In the second quarter, revenue increased by 27% against a particularly high basis of comparison. Organic revenue growth was 19%, in line with trends seen in the first quarter. Europe and the United States have been up sharply since the start of the year, while Asia saw a lower level of growth due to the new health restrictions in China.

Profit from recurring operations was up 34% at €10 232 million for the first half of 2022. Operating margin reached 27.9% of revenue, up 1.3 points compared to the first half of 2021. Group share of net profit was €2 678 million, up 24% compared to the first half of 2021.

Highlights of the first half of 2022 include:

  • An excellent first half in a still disrupted environment,
  • Double-digit organic revenue growth for all business groups,
  • Strong growth in Europe, Japan and the United States,
  • Exceptional momentum in champagne and cognac,
  • Remarkable performance by the Fashion & Leather Goods business group, particularly Louis Vuitton, Christian Dior, Fendi, Celine, Loro Piana and Loewe, which gained market share across the board and achieved new record highs for profitability,
  • Rapid growth in fragrances and skincare,
  • Continued creative momentum within all our Watches & Jewelry Maisons, particularly Tiffany, Bulgari and TAG Heuer,
  • Strong rebound from Sephora,
  • Recovery in hotel activities,
  • Operating free cash-flow of more than €4 billion.

Key figures

Euro millions First half
2021*
First half
2022
% change
Revenue 28 665 36 729 + 28 %
Profit from recurring operations 7 612 10 232 + 34 %
Group share of net profit 2 169 2 678 + 24 %
Operating free cash flow 5 290 4 043 - 24 %
Net financial debt 15 349 10 885 - 29 %
Total equity 40 128 50 324 + 25%

Revenue by business group:

First half First half % change
Euro millions 2021* 2022 Reported Organic**
Wines & Spirits 2 705 3 327 + 23 % + 14 %
Fashion & Leather Goods 13 863 18 136 + 31 % + 24 %
Perfumes & Cosmetics 3 025 3 618 + 20 % + 13 %
Watches & Jewelry 4 023 4 909 + 22 % + 16 %
Selective Retailing 5 085 6 630 + 30 % + 22 %
Other activities and eliminations (36) 109 - -
Total 28 665 36 729 + 28 % + 21 %

Profit from recurring operations by business group:

Euro millions First half
2021*
First half
2022
% change
Wines & Spirits 924 1 154 + 25 %
Fashion & Leather Goods 5 660 7 509 + 33 %
Perfumes & Cosmetics 393 388 - 1 %
Watches & Jewelry 783 987 + 26 %
Selective Retailing 131 367 + 181 %
Other activities and eliminations (279) (173) -
Total 7 612 10 232 + 34 %

* The financial statements as of June 30, 2021 have been restated to reflect the purchase price allocation of Tiffany.

** With comparable structure and constant exchange rates.
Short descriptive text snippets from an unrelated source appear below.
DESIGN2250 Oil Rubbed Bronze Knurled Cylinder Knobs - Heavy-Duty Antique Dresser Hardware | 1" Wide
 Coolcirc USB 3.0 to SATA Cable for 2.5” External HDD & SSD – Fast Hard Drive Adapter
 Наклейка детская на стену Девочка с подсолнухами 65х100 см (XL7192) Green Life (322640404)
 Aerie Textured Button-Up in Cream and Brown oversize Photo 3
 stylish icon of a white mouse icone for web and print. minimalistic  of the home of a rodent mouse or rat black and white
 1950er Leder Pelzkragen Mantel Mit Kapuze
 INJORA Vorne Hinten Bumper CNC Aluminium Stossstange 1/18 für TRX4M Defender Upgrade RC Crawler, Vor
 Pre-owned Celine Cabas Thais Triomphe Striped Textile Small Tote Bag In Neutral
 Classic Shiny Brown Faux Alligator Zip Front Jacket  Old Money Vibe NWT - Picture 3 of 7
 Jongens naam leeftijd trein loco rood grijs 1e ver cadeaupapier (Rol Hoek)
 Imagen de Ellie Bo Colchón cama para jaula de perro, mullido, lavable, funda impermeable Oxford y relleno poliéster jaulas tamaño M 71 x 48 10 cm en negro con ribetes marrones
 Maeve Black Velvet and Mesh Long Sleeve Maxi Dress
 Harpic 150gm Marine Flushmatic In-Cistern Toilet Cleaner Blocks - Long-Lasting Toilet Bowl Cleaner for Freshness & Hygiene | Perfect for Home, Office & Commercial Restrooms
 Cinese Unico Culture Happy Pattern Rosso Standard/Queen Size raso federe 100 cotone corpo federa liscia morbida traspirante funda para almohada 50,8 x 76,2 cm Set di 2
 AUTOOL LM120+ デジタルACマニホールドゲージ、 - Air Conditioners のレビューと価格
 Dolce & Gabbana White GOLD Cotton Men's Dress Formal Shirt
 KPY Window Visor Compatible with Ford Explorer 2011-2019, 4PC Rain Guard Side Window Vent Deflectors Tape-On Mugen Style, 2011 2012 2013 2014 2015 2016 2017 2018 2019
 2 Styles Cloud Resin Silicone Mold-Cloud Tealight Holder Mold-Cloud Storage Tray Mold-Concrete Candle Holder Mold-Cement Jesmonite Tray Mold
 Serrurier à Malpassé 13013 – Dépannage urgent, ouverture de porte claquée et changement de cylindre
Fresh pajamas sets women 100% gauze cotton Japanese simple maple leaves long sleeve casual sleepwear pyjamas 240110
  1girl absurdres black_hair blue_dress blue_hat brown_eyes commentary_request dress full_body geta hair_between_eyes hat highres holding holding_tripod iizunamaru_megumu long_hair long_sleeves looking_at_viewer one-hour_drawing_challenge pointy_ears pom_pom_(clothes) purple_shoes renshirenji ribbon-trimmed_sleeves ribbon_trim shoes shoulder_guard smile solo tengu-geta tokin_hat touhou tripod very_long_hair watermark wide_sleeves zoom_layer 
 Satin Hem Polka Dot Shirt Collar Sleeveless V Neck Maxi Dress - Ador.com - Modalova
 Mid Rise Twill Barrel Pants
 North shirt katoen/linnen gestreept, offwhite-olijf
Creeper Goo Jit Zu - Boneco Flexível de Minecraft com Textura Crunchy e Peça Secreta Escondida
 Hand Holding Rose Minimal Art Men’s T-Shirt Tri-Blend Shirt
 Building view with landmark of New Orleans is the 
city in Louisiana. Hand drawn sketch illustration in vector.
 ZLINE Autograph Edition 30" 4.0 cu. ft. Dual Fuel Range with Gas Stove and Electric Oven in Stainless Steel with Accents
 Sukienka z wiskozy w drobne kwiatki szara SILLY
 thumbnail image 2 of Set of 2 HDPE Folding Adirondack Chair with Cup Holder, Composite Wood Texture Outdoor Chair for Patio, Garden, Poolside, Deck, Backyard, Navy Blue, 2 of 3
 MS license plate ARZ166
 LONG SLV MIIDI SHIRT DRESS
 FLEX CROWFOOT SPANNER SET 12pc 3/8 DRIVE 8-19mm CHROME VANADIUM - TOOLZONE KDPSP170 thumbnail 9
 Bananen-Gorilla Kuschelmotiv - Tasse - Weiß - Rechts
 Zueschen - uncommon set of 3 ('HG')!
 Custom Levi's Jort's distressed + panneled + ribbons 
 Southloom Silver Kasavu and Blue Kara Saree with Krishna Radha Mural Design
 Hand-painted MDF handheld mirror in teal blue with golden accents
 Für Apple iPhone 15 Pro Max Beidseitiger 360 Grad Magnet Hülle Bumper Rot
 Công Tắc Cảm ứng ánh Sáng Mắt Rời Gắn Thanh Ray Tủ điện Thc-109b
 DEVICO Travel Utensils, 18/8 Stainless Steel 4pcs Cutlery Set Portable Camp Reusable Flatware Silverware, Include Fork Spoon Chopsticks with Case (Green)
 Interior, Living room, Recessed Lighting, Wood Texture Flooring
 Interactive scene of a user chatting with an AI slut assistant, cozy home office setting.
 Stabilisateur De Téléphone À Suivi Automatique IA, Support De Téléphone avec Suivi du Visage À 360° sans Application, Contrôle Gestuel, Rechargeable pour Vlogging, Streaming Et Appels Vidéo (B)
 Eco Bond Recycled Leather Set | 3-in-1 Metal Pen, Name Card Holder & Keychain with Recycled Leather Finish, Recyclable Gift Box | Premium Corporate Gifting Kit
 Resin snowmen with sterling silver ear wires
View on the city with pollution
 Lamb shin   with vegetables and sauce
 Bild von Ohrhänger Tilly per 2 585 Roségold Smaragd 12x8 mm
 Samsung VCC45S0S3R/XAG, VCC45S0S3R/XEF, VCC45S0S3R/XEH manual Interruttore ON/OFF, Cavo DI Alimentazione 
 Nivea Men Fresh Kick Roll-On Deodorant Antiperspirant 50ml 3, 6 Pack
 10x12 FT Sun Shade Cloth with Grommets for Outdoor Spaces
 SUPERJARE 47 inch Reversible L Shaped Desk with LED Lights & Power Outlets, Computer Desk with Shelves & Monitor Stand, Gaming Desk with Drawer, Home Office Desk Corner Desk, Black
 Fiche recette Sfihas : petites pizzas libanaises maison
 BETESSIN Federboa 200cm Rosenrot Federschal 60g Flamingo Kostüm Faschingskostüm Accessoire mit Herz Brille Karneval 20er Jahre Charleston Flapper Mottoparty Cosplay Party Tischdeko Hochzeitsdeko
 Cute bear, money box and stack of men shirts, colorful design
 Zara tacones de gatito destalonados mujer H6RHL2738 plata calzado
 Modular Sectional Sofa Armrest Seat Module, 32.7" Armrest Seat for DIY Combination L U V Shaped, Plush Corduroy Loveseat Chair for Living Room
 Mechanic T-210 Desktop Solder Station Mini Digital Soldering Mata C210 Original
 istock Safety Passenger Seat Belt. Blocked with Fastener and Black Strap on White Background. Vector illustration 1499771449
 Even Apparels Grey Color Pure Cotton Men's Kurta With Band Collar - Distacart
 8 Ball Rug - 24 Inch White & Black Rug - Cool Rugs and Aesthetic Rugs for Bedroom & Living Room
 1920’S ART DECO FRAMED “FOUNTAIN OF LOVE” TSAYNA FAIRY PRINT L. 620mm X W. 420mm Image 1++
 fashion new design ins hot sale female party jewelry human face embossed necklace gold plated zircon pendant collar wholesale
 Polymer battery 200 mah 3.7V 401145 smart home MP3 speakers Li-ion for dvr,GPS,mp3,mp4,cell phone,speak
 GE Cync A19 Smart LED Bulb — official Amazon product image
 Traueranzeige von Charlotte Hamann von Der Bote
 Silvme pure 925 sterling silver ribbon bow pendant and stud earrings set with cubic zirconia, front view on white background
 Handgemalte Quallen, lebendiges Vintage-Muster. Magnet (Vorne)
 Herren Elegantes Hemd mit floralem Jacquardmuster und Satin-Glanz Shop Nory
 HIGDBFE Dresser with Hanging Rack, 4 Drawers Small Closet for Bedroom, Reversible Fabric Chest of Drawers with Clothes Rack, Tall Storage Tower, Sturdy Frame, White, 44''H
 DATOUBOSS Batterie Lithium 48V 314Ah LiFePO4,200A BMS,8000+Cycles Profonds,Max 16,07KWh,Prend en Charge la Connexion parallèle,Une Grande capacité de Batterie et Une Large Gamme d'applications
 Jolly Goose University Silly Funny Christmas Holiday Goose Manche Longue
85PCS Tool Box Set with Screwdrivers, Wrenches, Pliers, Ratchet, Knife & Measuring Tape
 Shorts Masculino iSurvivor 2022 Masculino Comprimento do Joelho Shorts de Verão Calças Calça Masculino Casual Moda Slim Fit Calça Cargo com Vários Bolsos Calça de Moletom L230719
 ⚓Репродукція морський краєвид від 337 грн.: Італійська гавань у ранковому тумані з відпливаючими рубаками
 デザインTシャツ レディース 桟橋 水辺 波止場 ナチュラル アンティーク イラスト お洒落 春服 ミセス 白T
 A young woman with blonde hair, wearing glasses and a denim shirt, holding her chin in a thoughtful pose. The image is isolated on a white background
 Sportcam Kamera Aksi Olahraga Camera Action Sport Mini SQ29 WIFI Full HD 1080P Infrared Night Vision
The structural impact for the Group compared to the first half of 2021 was zero and the currency effect was +7 %.

Wines & Spirits: strong growth in Champagne and good progress of Hennessy

The Wines & Spirits business group recorded organic revenue growth of 14% in the first half of 2022. Profit from recurring operations was up 25% compared to the first half of 2021. Against a backdrop of strong demand, champagne volumes were up 16% compared to the first half of 2021, leading to increasing pressure on supplies. Momentum was particularly good in Europe, the United States and Japan. For Hennessy, the impact of health restrictions in China and logistical disruptions in the United States was offset by the strong rebound in the second quarter linked to a catch-up in deliveries to the United States and a firm policy of price increases. Moët Hennessy strengthened its global portfolio of exceptional wines with the signing of an agreement to acquire the Joseph Phelps Vineyards, one of the most renowned wine properties in Napa Valley, California.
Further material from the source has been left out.